- WHAT TO DO
Reproduce exactly the span of lines beginning at the one with "Lily Embriodered Shorts Set - Image 6" and ending at the last line of the data below, omitting pictures.

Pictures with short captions
########################################
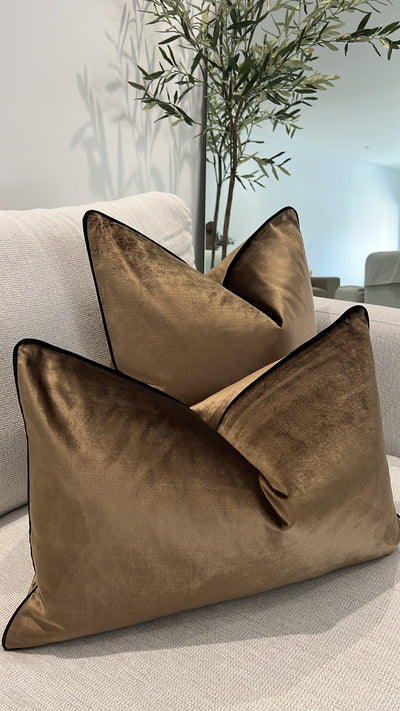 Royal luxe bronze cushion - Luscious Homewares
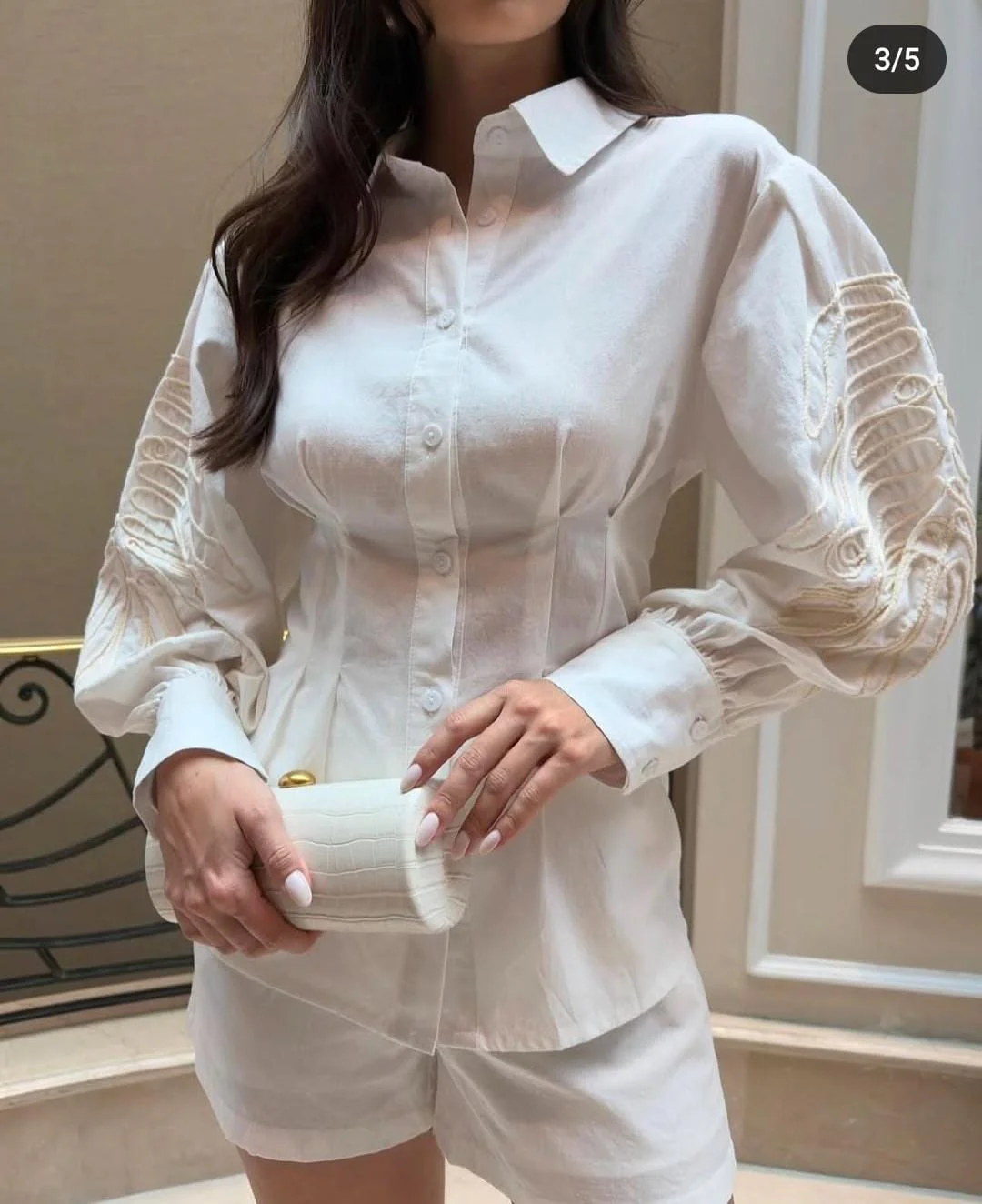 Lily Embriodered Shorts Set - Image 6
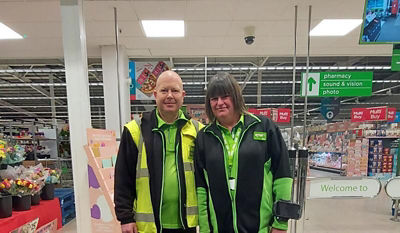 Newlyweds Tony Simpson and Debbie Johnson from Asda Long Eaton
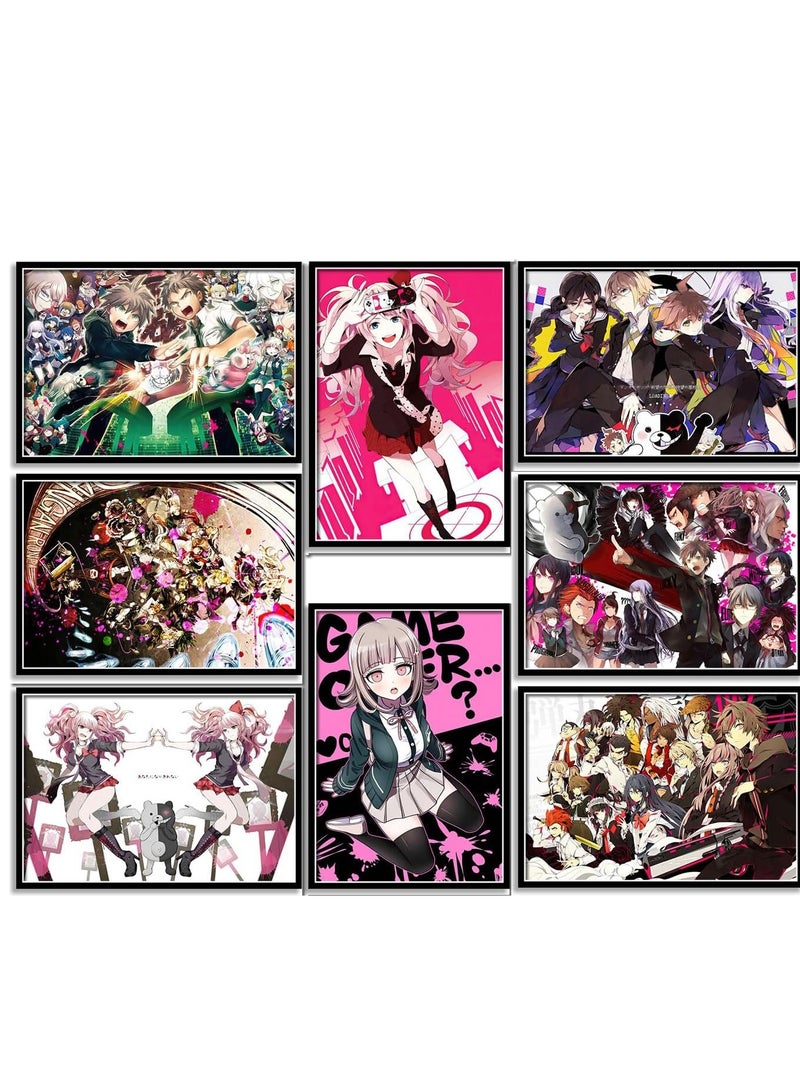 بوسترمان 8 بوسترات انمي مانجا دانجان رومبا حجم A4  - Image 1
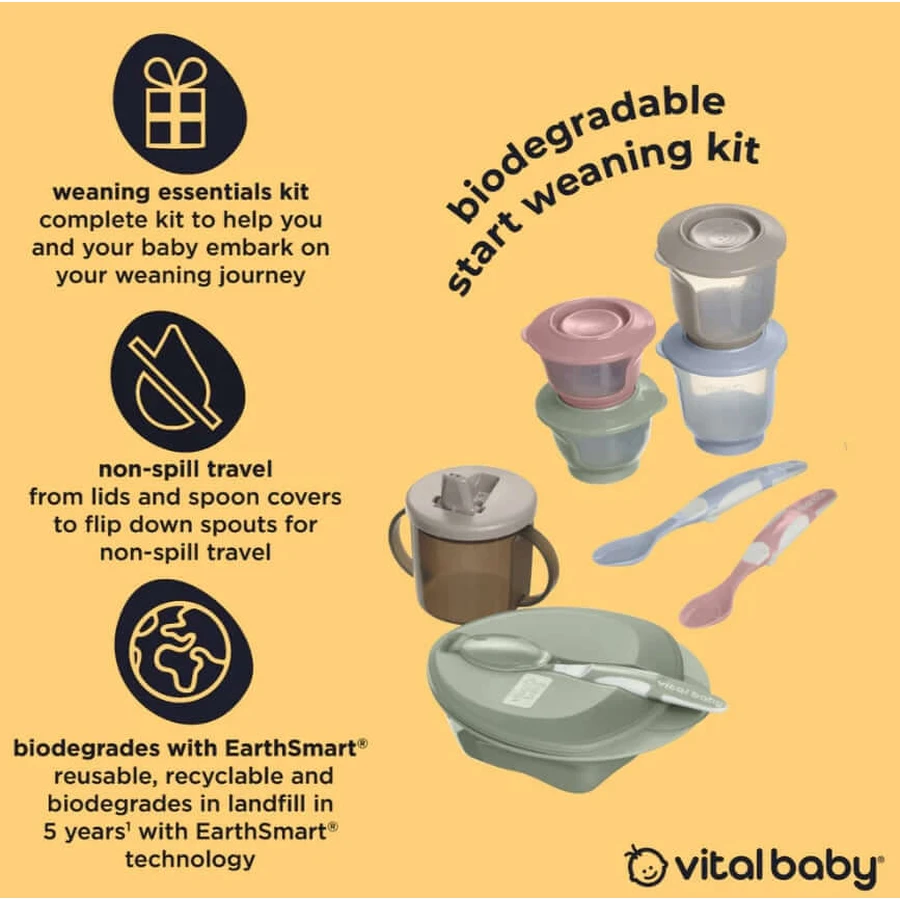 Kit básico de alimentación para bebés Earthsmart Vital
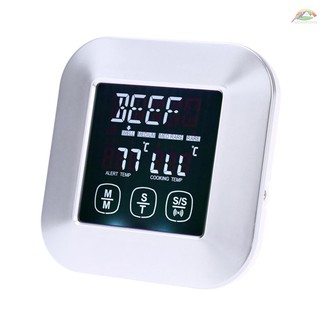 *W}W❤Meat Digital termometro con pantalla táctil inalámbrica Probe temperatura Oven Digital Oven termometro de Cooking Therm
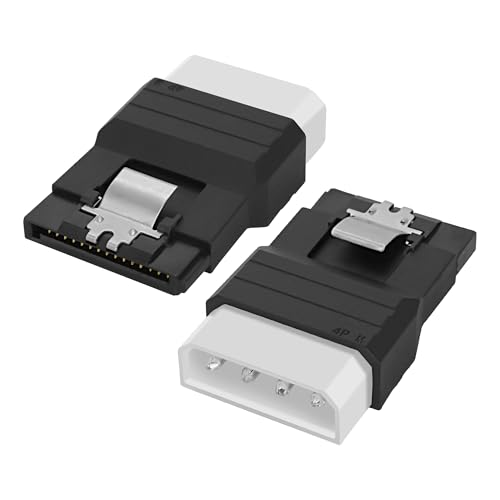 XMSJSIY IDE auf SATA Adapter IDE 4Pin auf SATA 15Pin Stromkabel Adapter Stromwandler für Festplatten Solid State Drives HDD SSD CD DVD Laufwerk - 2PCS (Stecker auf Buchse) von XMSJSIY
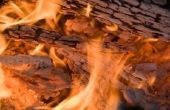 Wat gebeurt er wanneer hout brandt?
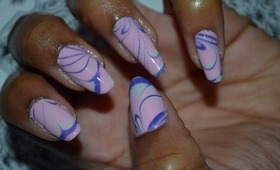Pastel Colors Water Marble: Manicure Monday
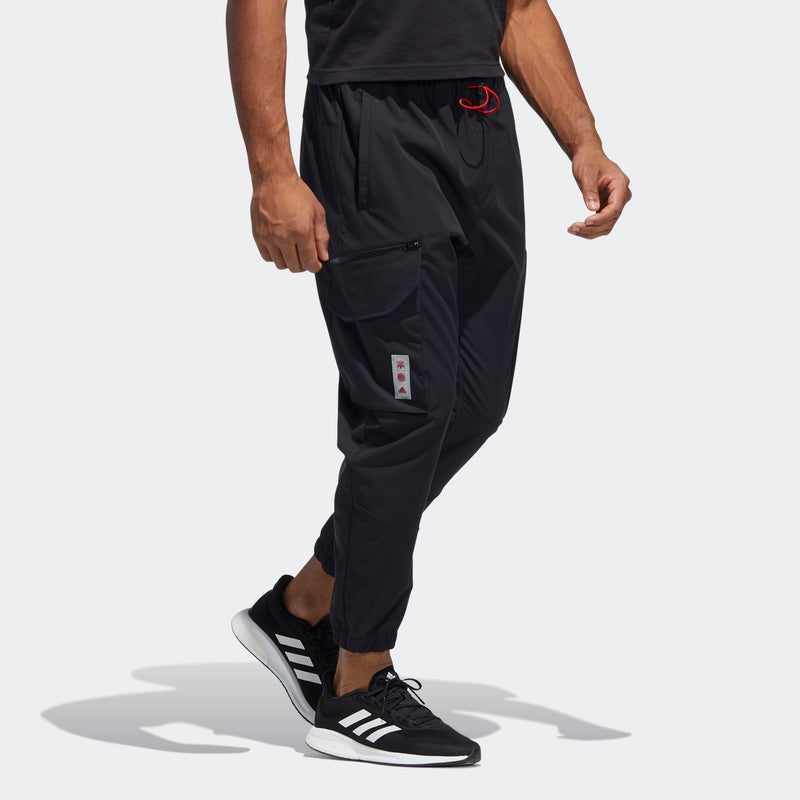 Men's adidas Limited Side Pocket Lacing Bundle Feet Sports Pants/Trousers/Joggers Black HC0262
########################################
- YOUR SOLUTION
 Lily Embriodered Shorts Set - Image 6
 Newlyweds Tony Simpson and Debbie Johnson from Asda Long Eaton
 بوسترمان 8 بوسترات انمي مانجا دانجان رومبا حجم A4  - Image 1
 Kit básico de alimentación para bebés Earthsmart Vital
 *W}W❤Meat Digital termometro con pantalla táctil inalámbrica Probe temperatura Oven Digital Oven termometro de Cooking Therm
 XMSJSIY IDE auf SATA Adapter IDE 4Pin auf SATA 15Pin Stromkabel Adapter Stromwandler für Festplatten Solid State Drives HDD SSD CD DVD Laufwerk - 2PCS (Stecker auf Buchse) von XMSJSIY
 Wat gebeurt er wanneer hout brandt?
Pastel Colors Water Marble: Manicure Monday
 Men's adidas Limited Side Pocket Lacing Bundle Feet Sports Pants/Trousers/Joggers Black HC0262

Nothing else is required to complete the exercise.